WHAT THE EXERCISE ASKS: Please repeat, exactly and without pictures, the lines of the entries below that run from the one containing "Under the client" through the one containing "Hello, my name".

EXTRACTED INFORMATION:
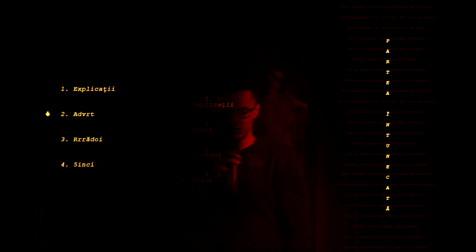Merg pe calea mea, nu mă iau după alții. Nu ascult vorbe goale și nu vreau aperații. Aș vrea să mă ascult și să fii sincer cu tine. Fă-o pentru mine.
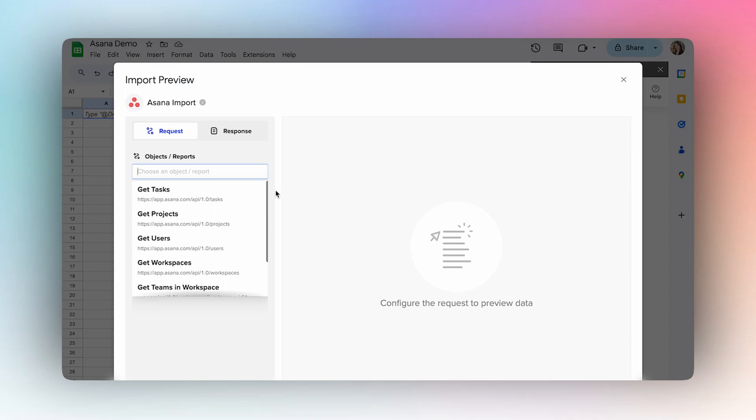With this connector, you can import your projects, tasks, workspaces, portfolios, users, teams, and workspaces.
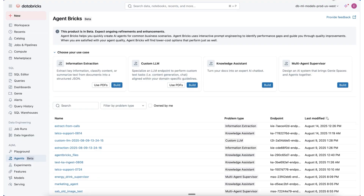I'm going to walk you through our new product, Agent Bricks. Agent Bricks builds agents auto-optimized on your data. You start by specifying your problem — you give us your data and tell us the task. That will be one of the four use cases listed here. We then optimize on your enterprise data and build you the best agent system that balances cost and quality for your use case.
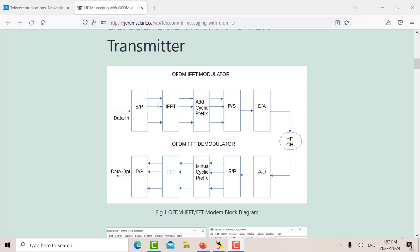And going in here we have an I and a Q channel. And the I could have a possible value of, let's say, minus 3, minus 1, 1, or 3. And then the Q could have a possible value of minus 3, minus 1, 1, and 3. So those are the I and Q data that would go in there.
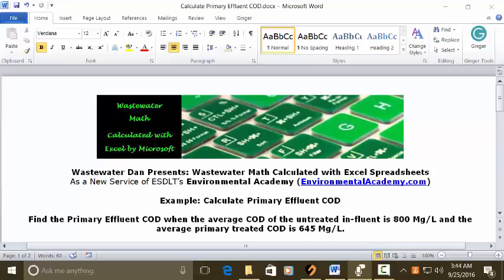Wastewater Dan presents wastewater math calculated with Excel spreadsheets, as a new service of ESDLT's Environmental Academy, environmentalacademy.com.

==

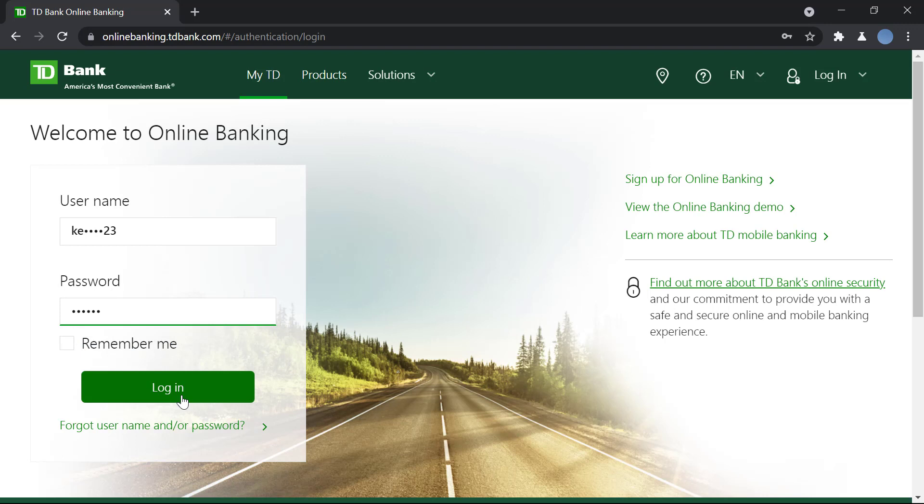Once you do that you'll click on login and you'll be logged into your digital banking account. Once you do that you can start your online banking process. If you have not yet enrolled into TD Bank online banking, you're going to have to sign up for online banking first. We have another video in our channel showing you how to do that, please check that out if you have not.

--

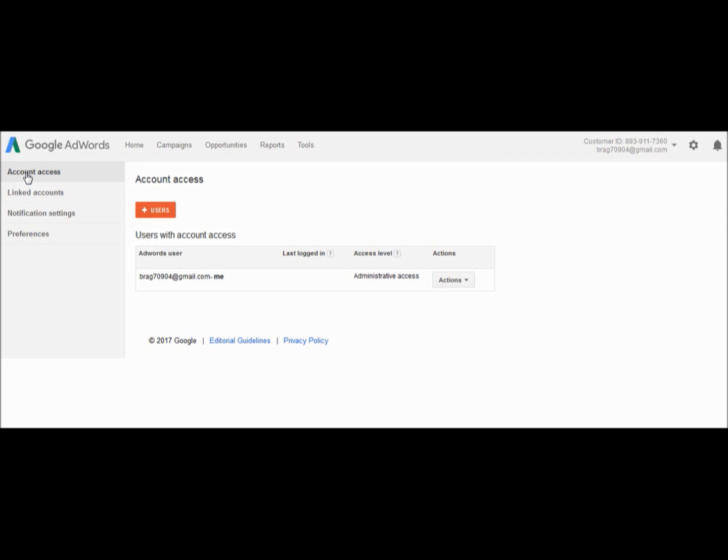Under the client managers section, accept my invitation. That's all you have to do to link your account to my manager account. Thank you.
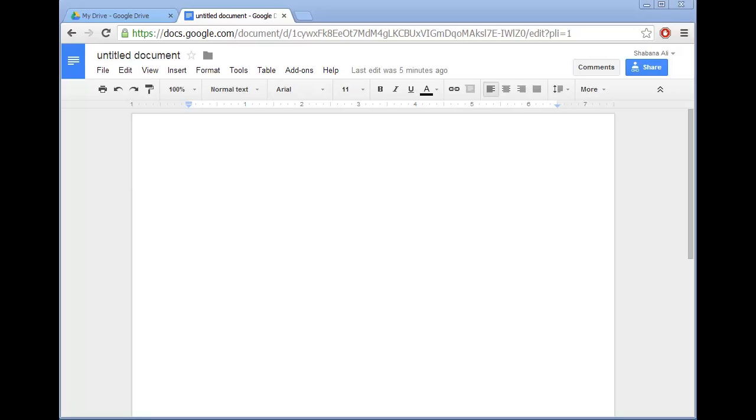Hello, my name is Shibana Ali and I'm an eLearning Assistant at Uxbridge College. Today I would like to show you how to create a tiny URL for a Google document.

REPLY:
Under the client managers section, accept my invitation. That's all you have to do to link your account to my manager account. Thank you.
Hello, my name is Shibana Ali and I'm an eLearning Assistant at Uxbridge College. Today I would like to show you how to create a tiny URL for a Google document.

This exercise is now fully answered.